▶ **Given information**
##########

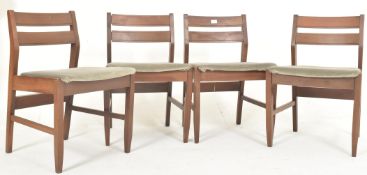 DANISH MODERN DESIGN - FOUR MID CENTURY TEAK & UPHOLSTERED DINING CHAIRS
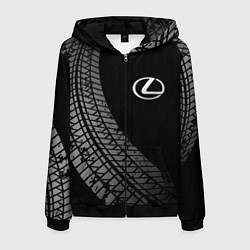 Толстовка 3D на молнии мужская Lexus tire tracks, цвет: 3D-черный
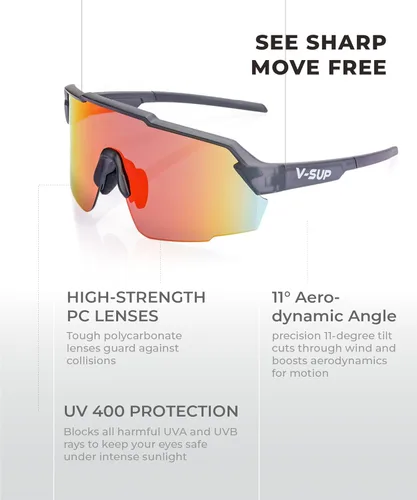 Miniatura 3 de V-SUP TR90 - Gafas de sol de ciclismo con protección UV400, ajustables y ultraligeras con estuche para correr y uso al aire libre Blakc+rojo(4331)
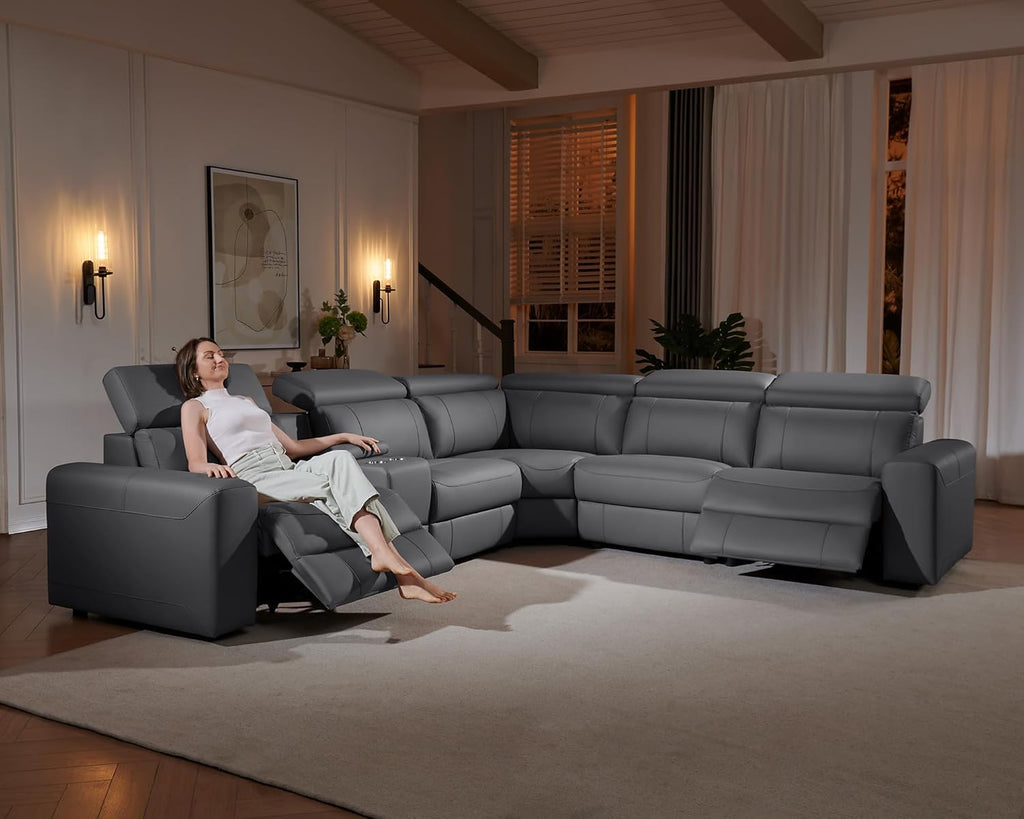 AMERLIFE Power Recliner Sectional Sofa with Storage/USB Port, Leather Recliner Sofa with Adjustable Headrest, Reclining Sectional Couches with Console and Cup Holder for Living Room (Gray, 5-Seater)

##########

▶ **What you need to do**
Print the data exactly, from its first line to the line containing "Miniatura 3 de", both included. Omit the pictures.

▶ **Written answer**
 DANISH MODERN DESIGN - FOUR MID CENTURY TEAK & UPHOLSTERED DINING CHAIRS
 Толстовка 3D на молнии мужская Lexus tire tracks, цвет: 3D-черный
 Miniatura 3 de V-SUP TR90 - Gafas de sol de ciclismo con protección UV400, ajustables y ultraligeras con estuche para correr y uso al aire libre Blakc+rojo(4331)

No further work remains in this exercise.